(Beginning of Data)

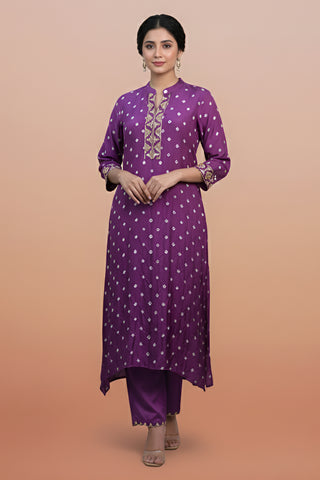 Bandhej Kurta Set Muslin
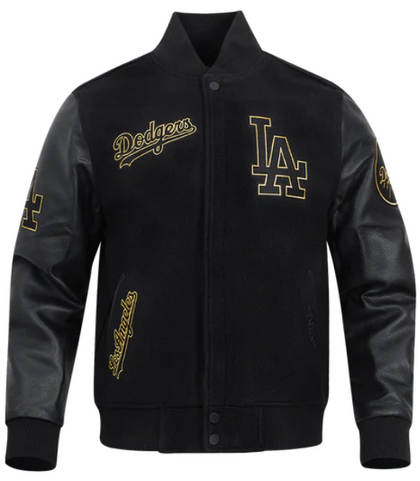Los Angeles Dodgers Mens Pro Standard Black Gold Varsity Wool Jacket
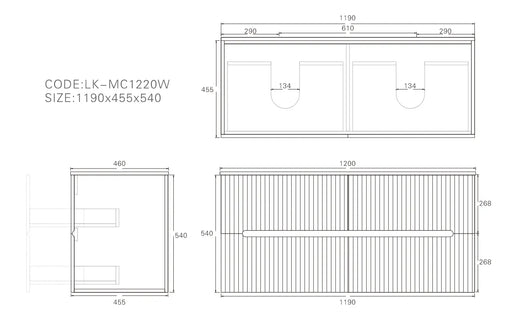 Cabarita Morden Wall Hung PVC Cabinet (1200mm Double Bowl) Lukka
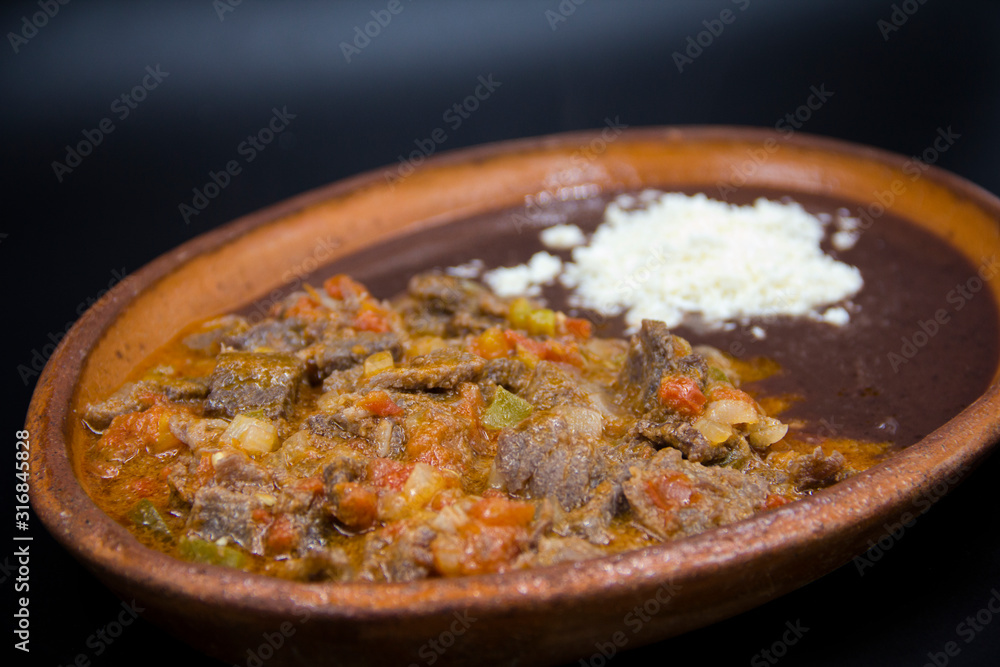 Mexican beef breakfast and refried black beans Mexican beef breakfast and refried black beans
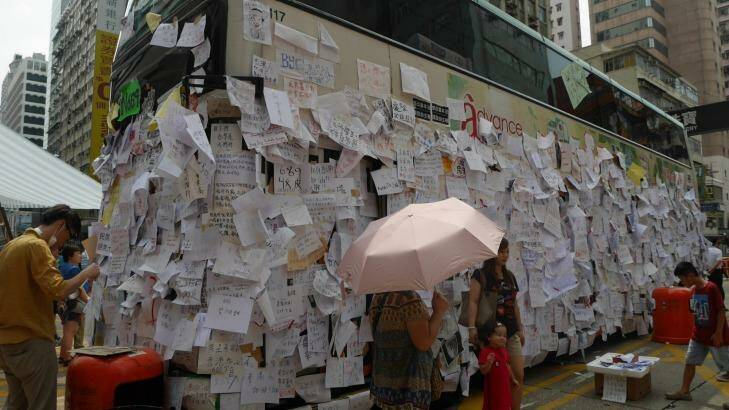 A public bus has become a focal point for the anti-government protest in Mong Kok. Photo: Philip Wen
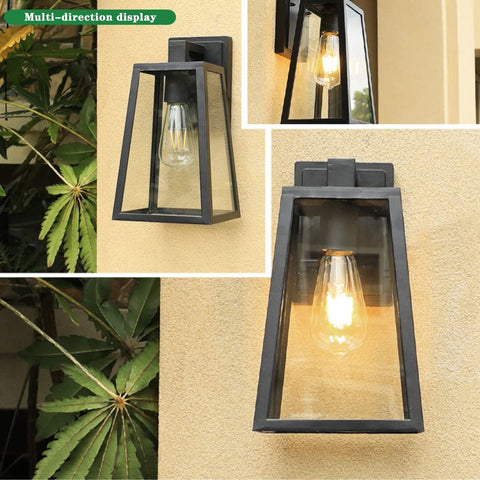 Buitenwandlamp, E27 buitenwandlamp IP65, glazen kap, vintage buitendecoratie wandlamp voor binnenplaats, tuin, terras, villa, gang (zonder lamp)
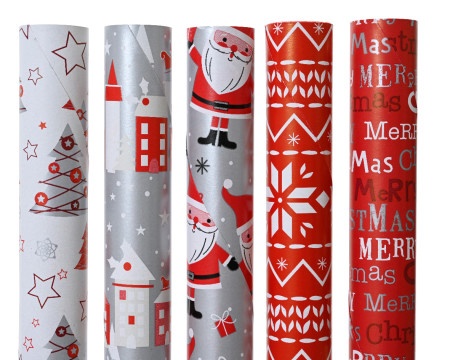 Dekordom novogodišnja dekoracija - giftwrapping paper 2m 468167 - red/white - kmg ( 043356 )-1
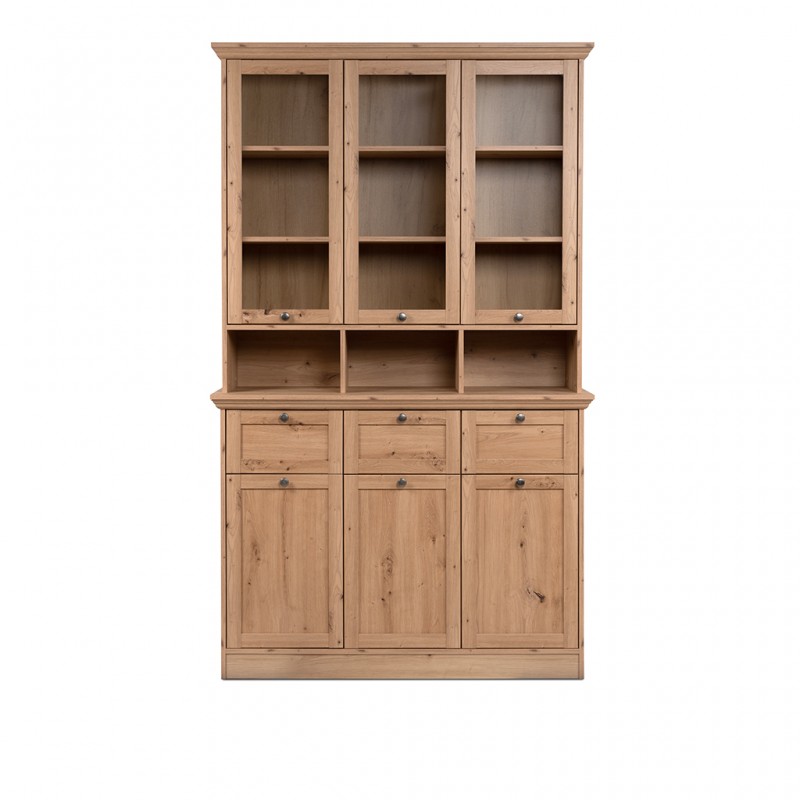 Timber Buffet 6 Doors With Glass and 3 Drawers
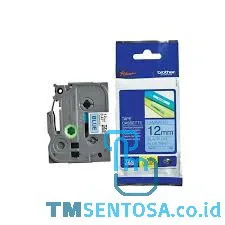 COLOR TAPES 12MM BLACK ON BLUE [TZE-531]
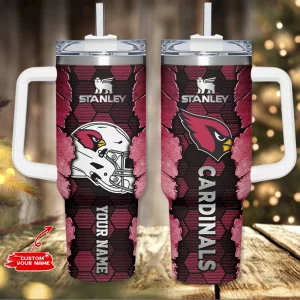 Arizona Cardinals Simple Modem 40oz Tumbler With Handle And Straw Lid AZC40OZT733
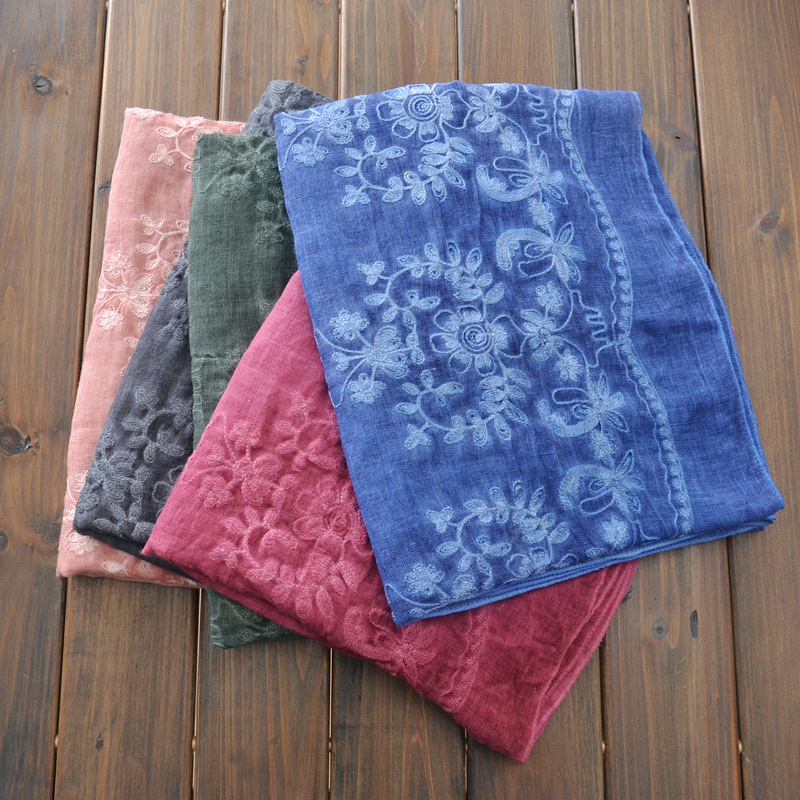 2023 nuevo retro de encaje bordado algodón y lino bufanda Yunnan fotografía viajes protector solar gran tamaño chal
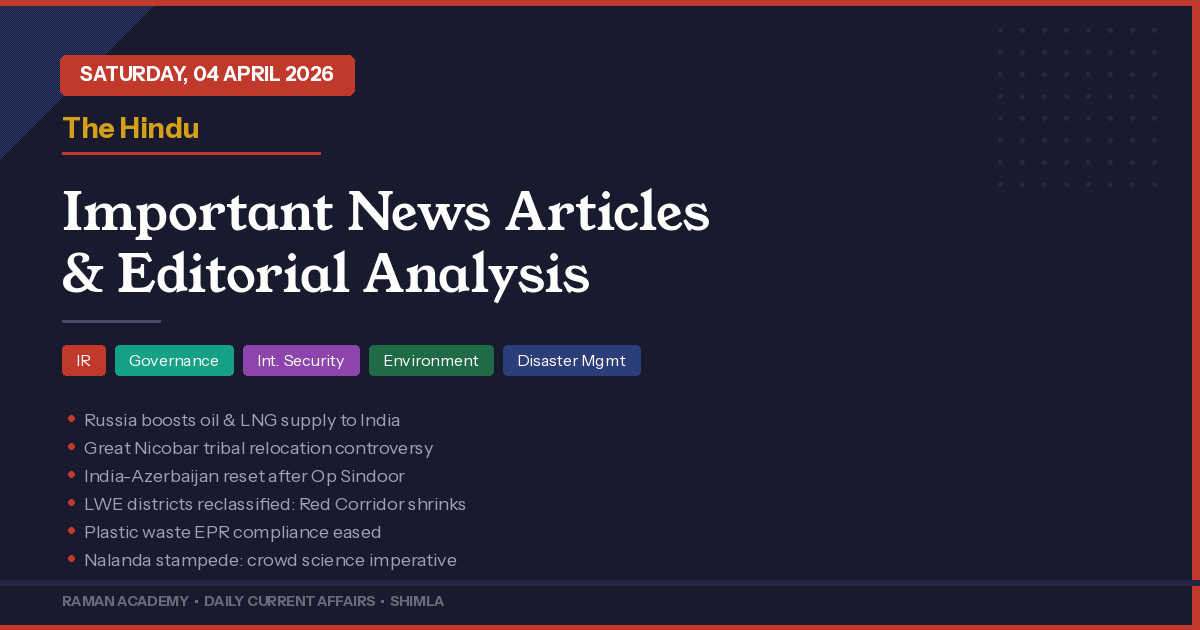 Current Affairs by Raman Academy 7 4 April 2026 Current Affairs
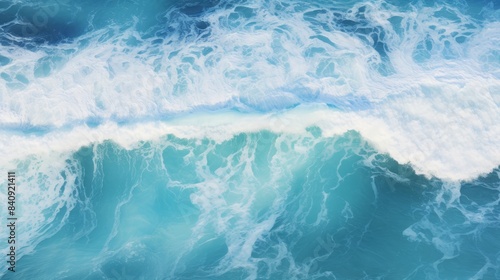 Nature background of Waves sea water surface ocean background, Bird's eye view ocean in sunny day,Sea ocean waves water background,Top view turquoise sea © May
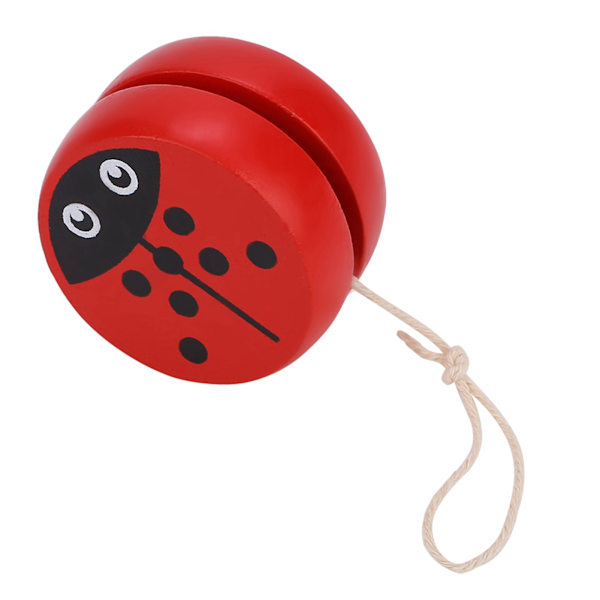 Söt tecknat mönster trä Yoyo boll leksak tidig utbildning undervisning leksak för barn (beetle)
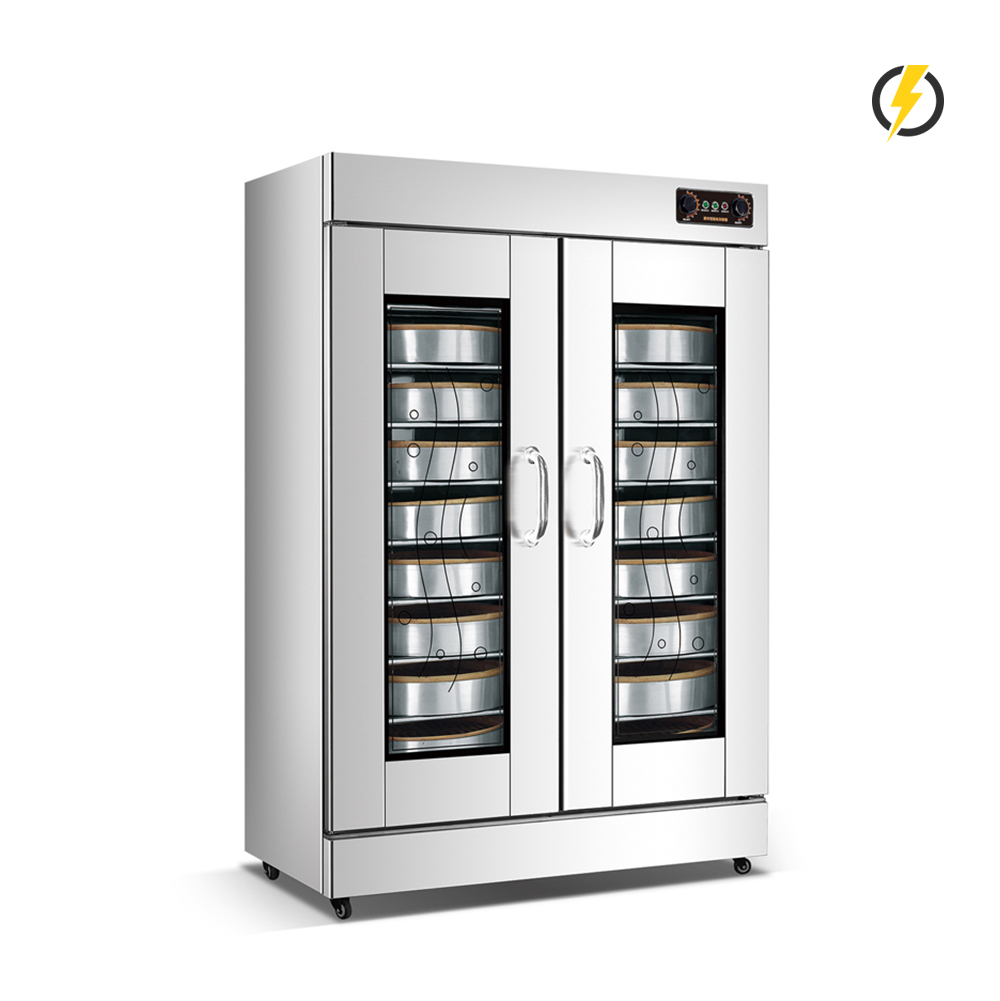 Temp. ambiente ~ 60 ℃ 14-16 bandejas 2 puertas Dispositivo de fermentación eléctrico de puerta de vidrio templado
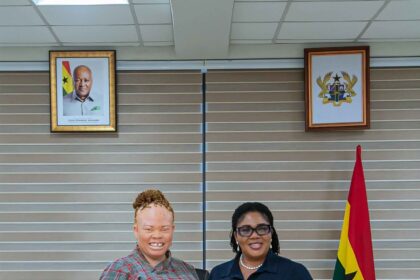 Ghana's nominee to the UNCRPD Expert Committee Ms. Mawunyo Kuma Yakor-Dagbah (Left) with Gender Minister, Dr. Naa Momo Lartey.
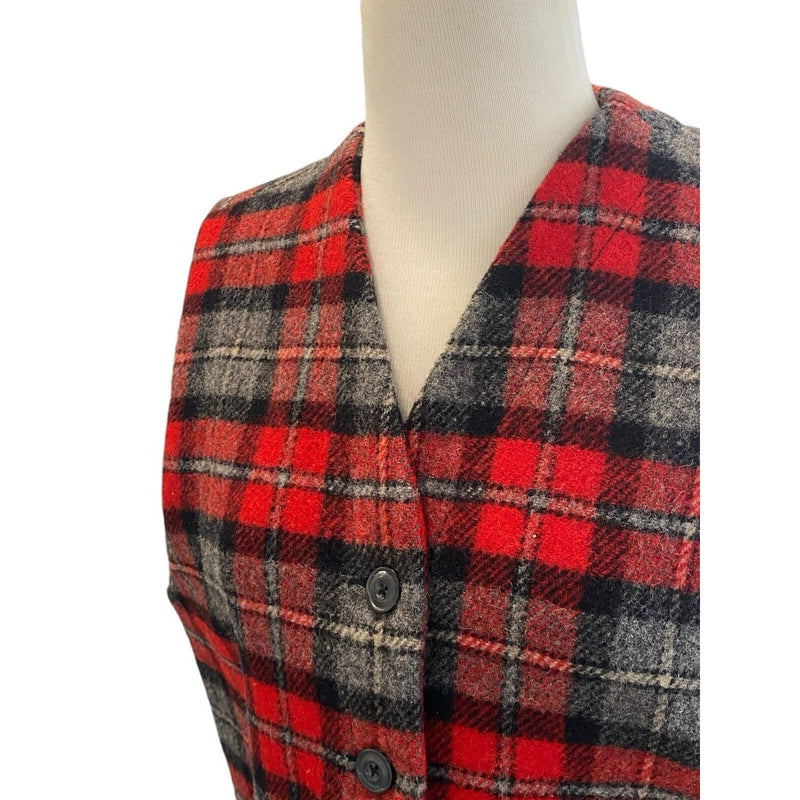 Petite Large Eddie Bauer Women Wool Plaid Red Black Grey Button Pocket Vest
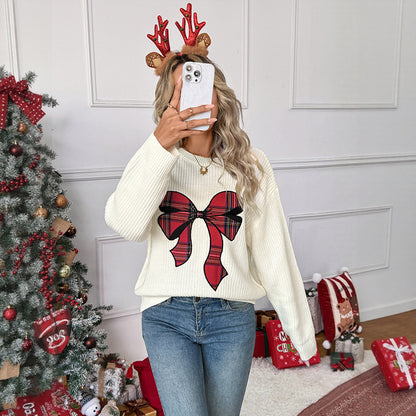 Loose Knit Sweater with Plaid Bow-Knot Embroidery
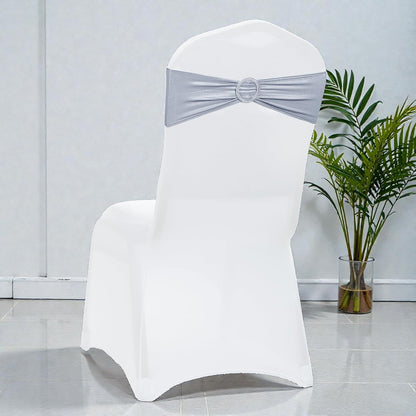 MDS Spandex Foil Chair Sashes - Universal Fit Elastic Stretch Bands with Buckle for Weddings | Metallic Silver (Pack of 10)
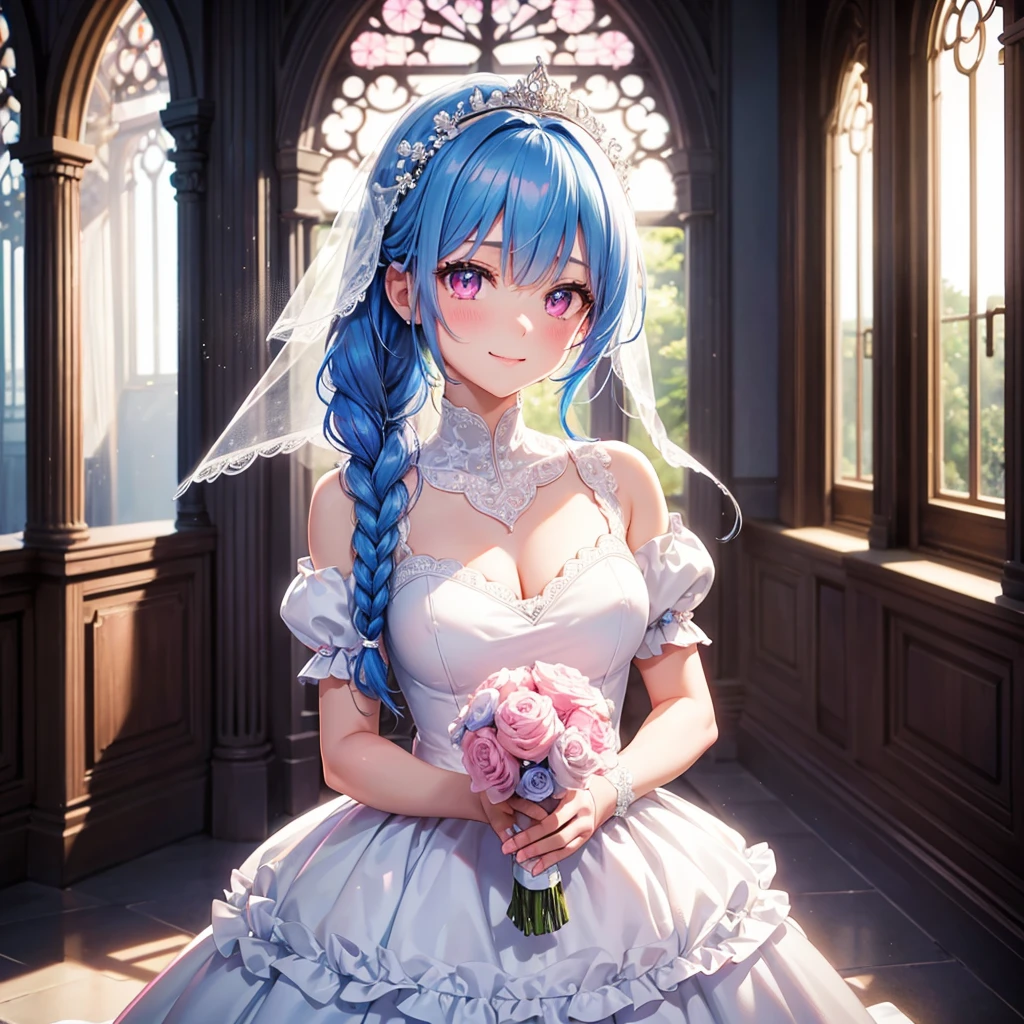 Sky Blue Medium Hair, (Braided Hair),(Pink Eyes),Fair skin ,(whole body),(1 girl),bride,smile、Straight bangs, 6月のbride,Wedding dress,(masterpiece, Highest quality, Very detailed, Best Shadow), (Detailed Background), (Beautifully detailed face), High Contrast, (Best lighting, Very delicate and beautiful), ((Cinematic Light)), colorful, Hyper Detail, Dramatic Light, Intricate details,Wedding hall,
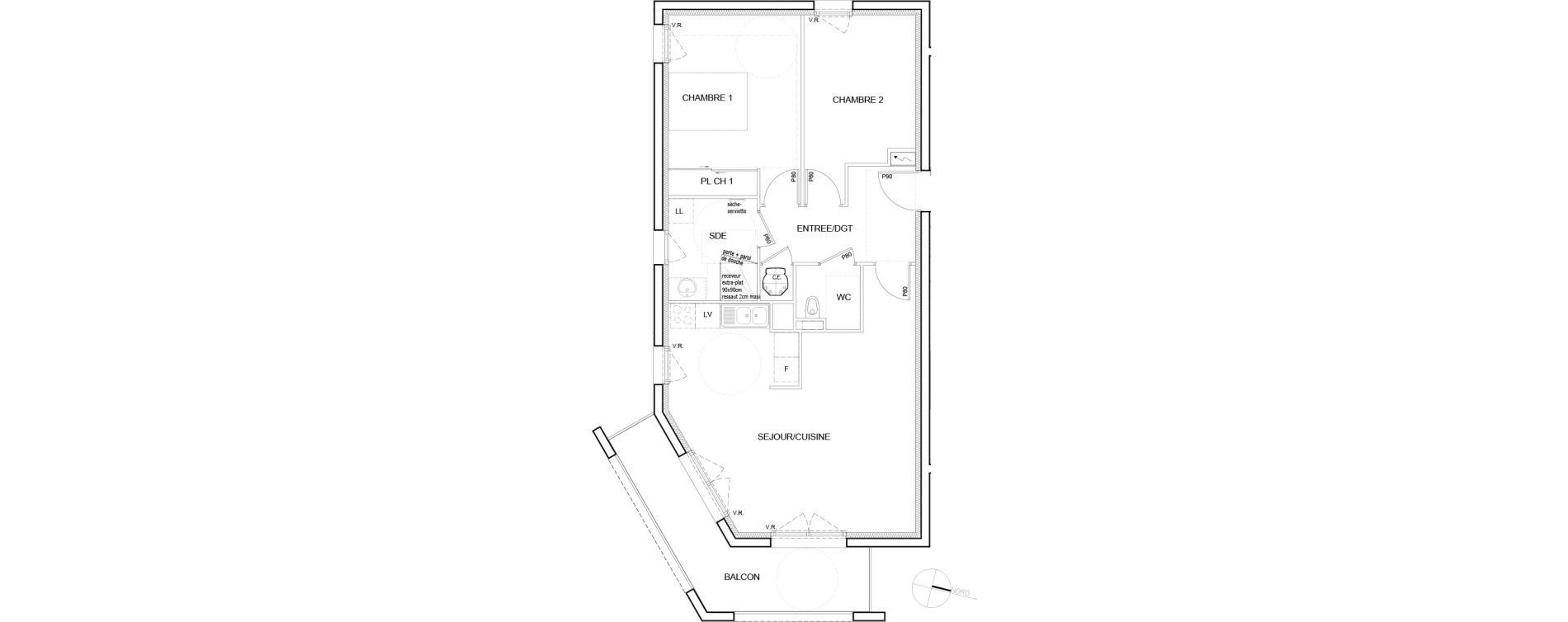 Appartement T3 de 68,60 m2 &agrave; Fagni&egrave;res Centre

(End of Data)

#### Task to carry out:
Your answer must be the lines from the one containing "Loose Knit Sweater" through the last line of the records, copied exactly, with no pictures.

#### Task solution:
 Loose Knit Sweater with Plaid Bow-Knot Embroidery
 MDS Spandex Foil Chair Sashes - Universal Fit Elastic Stretch Bands with Buckle for Weddings | Metallic Silver (Pack of 10)
 Sky Blue Medium Hair, (Braided Hair),(Pink Eyes),Fair skin ,(whole body),(1 girl),bride,smile、Straight bangs, 6月のbride,Wedding dress,(masterpiece, Highest quality, Very detailed, Best Shadow), (Detailed Background), (Beautifully detailed face), High Contrast, (Best lighting, Very delicate and beautiful), ((Cinematic Light)), colorful, Hyper Detail, Dramatic Light, Intricate details,Wedding hall,
 Appartement T3 de 68,60 m2 &agrave; Fagni&egrave;res Centre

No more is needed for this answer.